[Stored dataset items]
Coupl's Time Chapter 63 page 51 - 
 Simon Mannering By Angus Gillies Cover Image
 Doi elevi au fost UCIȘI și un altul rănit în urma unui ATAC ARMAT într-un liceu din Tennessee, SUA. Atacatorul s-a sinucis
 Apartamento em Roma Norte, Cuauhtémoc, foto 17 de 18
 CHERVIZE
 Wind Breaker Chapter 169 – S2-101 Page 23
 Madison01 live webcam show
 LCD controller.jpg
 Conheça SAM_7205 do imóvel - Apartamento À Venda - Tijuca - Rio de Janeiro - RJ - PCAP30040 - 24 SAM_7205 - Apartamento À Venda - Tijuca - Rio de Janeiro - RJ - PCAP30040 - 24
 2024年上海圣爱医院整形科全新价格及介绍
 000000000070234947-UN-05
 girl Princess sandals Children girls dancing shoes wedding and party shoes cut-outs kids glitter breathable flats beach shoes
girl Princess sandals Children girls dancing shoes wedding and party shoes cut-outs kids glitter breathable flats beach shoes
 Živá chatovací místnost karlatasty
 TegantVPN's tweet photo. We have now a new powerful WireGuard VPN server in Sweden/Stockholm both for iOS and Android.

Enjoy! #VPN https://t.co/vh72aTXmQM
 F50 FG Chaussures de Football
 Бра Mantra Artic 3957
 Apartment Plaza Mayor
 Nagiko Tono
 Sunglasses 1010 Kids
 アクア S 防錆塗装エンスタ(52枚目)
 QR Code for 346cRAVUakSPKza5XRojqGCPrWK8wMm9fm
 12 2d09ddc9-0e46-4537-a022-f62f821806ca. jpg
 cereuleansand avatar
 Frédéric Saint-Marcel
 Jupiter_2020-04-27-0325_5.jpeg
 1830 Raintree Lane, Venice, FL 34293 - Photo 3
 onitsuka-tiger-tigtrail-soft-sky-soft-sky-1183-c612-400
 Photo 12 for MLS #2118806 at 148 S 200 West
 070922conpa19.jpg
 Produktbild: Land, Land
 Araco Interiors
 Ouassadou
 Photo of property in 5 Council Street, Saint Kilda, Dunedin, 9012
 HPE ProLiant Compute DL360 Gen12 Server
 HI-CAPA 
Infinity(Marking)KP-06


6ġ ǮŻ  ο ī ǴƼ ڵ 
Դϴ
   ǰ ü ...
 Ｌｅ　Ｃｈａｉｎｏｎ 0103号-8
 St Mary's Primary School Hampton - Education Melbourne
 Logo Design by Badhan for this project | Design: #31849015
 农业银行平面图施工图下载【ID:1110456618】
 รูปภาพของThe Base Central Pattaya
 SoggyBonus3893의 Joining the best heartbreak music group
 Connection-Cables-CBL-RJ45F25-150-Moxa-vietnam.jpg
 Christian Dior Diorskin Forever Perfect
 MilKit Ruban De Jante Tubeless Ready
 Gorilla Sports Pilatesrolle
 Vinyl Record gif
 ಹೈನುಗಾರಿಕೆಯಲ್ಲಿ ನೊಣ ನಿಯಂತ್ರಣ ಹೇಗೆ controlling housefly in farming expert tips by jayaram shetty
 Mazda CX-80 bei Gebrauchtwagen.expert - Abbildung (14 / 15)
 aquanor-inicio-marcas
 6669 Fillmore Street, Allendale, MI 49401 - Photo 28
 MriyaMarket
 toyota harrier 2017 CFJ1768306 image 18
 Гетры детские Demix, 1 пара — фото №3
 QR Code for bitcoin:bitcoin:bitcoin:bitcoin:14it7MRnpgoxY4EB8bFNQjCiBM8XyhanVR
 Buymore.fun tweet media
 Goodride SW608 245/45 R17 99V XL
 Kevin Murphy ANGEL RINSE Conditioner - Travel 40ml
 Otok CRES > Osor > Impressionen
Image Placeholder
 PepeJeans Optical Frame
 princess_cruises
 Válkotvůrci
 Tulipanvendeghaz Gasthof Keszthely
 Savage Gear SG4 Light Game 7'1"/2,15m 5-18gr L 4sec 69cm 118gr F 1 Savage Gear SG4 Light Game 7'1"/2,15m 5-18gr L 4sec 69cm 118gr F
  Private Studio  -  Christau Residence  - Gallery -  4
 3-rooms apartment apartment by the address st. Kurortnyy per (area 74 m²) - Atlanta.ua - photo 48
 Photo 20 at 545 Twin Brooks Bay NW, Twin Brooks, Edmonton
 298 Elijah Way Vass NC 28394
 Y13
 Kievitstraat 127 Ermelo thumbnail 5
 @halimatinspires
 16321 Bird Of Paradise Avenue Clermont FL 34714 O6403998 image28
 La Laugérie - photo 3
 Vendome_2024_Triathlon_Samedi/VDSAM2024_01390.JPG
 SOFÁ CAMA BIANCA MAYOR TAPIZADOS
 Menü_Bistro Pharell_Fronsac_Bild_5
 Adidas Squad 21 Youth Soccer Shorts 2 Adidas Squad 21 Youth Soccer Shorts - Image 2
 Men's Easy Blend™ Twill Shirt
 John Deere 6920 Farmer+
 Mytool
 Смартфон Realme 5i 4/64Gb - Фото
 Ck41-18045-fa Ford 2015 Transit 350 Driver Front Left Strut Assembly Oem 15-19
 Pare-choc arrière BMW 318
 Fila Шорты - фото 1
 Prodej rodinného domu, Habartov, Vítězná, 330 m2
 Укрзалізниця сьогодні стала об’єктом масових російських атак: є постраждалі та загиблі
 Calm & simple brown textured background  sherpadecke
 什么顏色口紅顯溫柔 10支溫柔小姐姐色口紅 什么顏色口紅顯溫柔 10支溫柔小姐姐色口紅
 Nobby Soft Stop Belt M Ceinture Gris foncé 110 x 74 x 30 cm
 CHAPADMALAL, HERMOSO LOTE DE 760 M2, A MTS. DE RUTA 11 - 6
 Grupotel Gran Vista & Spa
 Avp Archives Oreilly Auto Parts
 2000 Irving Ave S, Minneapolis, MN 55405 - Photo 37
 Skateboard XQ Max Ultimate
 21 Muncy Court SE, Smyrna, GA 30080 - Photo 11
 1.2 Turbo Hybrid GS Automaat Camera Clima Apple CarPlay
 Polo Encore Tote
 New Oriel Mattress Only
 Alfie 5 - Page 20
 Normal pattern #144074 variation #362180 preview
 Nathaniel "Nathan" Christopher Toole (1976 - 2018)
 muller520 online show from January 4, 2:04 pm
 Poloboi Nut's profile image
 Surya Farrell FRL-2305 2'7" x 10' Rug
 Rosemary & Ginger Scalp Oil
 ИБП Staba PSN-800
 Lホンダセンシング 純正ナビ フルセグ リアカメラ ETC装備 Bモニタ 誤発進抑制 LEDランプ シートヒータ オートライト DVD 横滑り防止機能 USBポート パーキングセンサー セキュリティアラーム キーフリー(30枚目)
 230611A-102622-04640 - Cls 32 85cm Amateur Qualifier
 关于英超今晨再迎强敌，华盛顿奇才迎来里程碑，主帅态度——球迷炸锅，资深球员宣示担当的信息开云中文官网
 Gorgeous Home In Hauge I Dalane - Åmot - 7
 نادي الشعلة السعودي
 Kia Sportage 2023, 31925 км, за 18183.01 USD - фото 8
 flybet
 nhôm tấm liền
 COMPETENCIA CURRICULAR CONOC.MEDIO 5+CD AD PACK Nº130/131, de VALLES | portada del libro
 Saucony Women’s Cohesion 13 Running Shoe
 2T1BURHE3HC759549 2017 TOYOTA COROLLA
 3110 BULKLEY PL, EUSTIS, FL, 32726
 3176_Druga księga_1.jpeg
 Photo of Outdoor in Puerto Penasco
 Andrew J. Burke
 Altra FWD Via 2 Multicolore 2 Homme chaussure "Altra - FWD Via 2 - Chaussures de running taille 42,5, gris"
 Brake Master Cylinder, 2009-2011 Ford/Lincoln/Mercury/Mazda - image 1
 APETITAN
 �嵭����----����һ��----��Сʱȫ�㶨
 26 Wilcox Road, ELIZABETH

Work item >>
Retype exactly the lines from the one containing "3110 BULKLEY PL, EUSTIS, FL, 32726" through the end of the data. Add nothing.

Answer box >>
 3110 BULKLEY PL, EUSTIS, FL, 32726
 3176_Druga księga_1.jpeg
 Photo of Outdoor in Puerto Penasco
 Andrew J. Burke
 Altra FWD Via 2 Multicolore 2 Homme chaussure "Altra - FWD Via 2 - Chaussures de running taille 42,5, gris"
 Brake Master Cylinder, 2009-2011 Ford/Lincoln/Mercury/Mazda - image 1
 APETITAN
 �嵭����----����һ��----��Сʱȫ�㶨
 26 Wilcox Road, ELIZABETH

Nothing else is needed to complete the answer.